**The data:**
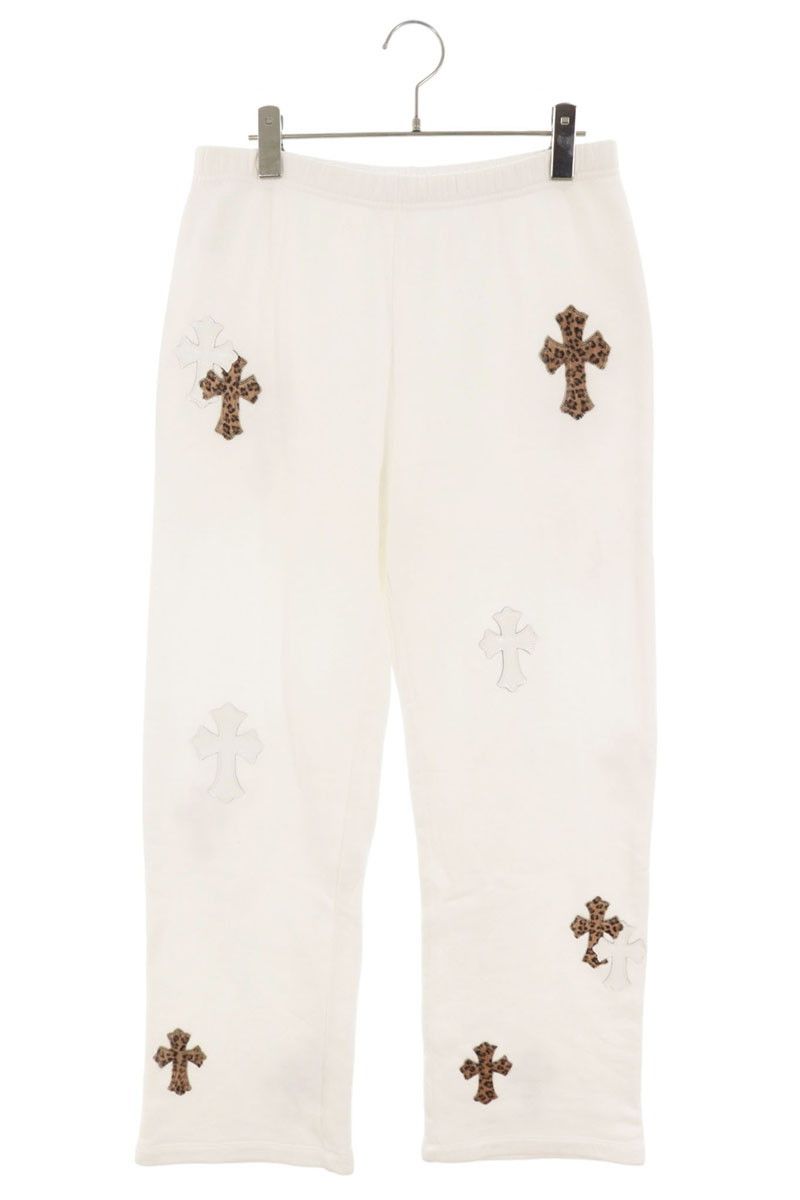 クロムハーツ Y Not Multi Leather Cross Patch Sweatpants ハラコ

---

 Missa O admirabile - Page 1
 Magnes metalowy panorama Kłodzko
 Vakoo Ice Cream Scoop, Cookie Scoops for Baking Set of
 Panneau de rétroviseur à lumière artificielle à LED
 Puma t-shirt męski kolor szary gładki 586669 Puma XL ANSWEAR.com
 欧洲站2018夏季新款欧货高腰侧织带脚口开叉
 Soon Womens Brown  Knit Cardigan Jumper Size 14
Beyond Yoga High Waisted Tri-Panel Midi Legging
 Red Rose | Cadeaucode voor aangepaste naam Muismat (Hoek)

**Goal of the exercise:**
In the records above, the line with "Vakoo Ice Cream" marks the start and the line with "Red Rose | Cadeaucode" marks the end; copy that stretch exactly, both lines included, and nothing else.

**Answer for this exercise:**
 Vakoo Ice Cream Scoop, Cookie Scoops for Baking Set of
 Panneau de rétroviseur à lumière artificielle à LED
 Puma t-shirt męski kolor szary gładki 586669 Puma XL ANSWEAR.com
 欧洲站2018夏季新款欧货高腰侧织带脚口开叉
 Soon Womens Brown  Knit Cardigan Jumper Size 14
Beyond Yoga High Waisted Tri-Panel Midi Legging
 Red Rose | Cadeaucode voor aangepaste naam Muismat (Hoek)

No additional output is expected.